Start of RAW DATA

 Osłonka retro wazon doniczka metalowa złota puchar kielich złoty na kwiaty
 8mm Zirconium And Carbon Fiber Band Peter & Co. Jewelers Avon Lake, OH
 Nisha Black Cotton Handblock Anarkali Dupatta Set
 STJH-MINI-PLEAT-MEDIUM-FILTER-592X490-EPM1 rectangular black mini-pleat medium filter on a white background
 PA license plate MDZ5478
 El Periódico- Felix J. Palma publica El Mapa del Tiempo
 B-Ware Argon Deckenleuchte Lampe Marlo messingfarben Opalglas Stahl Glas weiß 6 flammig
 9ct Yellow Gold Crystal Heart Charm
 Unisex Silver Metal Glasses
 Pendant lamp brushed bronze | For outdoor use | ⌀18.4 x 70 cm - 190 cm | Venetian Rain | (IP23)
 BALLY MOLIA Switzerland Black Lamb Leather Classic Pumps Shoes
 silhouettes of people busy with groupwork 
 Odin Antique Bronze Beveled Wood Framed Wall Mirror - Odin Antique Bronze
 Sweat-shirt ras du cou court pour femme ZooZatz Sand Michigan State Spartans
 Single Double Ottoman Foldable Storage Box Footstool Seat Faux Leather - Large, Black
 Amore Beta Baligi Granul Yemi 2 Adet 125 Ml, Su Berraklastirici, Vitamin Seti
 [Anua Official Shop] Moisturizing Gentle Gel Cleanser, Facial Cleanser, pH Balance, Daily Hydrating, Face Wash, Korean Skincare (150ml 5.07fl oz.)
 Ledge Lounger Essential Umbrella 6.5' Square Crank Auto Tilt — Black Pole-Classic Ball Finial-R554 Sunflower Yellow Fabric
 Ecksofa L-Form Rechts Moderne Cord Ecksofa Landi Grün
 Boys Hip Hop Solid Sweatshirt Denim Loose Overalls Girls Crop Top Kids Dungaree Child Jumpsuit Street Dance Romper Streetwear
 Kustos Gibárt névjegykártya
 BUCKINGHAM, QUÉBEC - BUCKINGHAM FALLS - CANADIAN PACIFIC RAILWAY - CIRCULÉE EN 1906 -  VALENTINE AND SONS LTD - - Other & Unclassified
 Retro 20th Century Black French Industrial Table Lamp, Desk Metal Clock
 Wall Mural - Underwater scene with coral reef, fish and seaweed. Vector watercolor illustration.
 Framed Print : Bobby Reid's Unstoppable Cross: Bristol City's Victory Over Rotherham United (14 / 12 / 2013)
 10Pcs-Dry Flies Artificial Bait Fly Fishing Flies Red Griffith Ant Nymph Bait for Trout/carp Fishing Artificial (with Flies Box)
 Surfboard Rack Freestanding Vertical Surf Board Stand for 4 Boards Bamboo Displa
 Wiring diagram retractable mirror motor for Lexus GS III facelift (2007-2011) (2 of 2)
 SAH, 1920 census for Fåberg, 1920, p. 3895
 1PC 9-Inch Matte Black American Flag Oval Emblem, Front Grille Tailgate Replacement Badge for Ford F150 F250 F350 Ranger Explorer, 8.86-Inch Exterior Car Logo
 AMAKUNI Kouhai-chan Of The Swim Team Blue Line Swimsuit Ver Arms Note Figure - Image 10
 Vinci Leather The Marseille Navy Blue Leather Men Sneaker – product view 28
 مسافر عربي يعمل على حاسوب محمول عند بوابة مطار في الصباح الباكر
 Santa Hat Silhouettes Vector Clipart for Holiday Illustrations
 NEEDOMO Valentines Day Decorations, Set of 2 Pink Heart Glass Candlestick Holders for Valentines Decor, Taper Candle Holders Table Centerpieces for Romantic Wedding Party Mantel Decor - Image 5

End of RAW DATA

• TASK DIRECTIONS
Set every line down again exactly. Begin with the first line of the entries and finish with the line containing "Wall Mural - Underwater".

• PROBLEM SOLUTION
 Osłonka retro wazon doniczka metalowa złota puchar kielich złoty na kwiaty
 8mm Zirconium And Carbon Fiber Band Peter & Co. Jewelers Avon Lake, OH
 Nisha Black Cotton Handblock Anarkali Dupatta Set
 STJH-MINI-PLEAT-MEDIUM-FILTER-592X490-EPM1 rectangular black mini-pleat medium filter on a white background
 PA license plate MDZ5478
 El Periódico- Felix J. Palma publica El Mapa del Tiempo
 B-Ware Argon Deckenleuchte Lampe Marlo messingfarben Opalglas Stahl Glas weiß 6 flammig
 9ct Yellow Gold Crystal Heart Charm
 Unisex Silver Metal Glasses
 Pendant lamp brushed bronze | For outdoor use | ⌀18.4 x 70 cm - 190 cm | Venetian Rain | (IP23)
 BALLY MOLIA Switzerland Black Lamb Leather Classic Pumps Shoes
 silhouettes of people busy with groupwork 
 Odin Antique Bronze Beveled Wood Framed Wall Mirror - Odin Antique Bronze
 Sweat-shirt ras du cou court pour femme ZooZatz Sand Michigan State Spartans
 Single Double Ottoman Foldable Storage Box Footstool Seat Faux Leather - Large, Black
 Amore Beta Baligi Granul Yemi 2 Adet 125 Ml, Su Berraklastirici, Vitamin Seti
 [Anua Official Shop] Moisturizing Gentle Gel Cleanser, Facial Cleanser, pH Balance, Daily Hydrating, Face Wash, Korean Skincare (150ml 5.07fl oz.)
 Ledge Lounger Essential Umbrella 6.5' Square Crank Auto Tilt — Black Pole-Classic Ball Finial-R554 Sunflower Yellow Fabric
 Ecksofa L-Form Rechts Moderne Cord Ecksofa Landi Grün
 Boys Hip Hop Solid Sweatshirt Denim Loose Overalls Girls Crop Top Kids Dungaree Child Jumpsuit Street Dance Romper Streetwear
 Kustos Gibárt névjegykártya
 BUCKINGHAM, QUÉBEC - BUCKINGHAM FALLS - CANADIAN PACIFIC RAILWAY - CIRCULÉE EN 1906 -  VALENTINE AND SONS LTD - - Other & Unclassified
 Retro 20th Century Black French Industrial Table Lamp, Desk Metal Clock
 Wall Mural - Underwater scene with coral reef, fish and seaweed. Vector watercolor illustration.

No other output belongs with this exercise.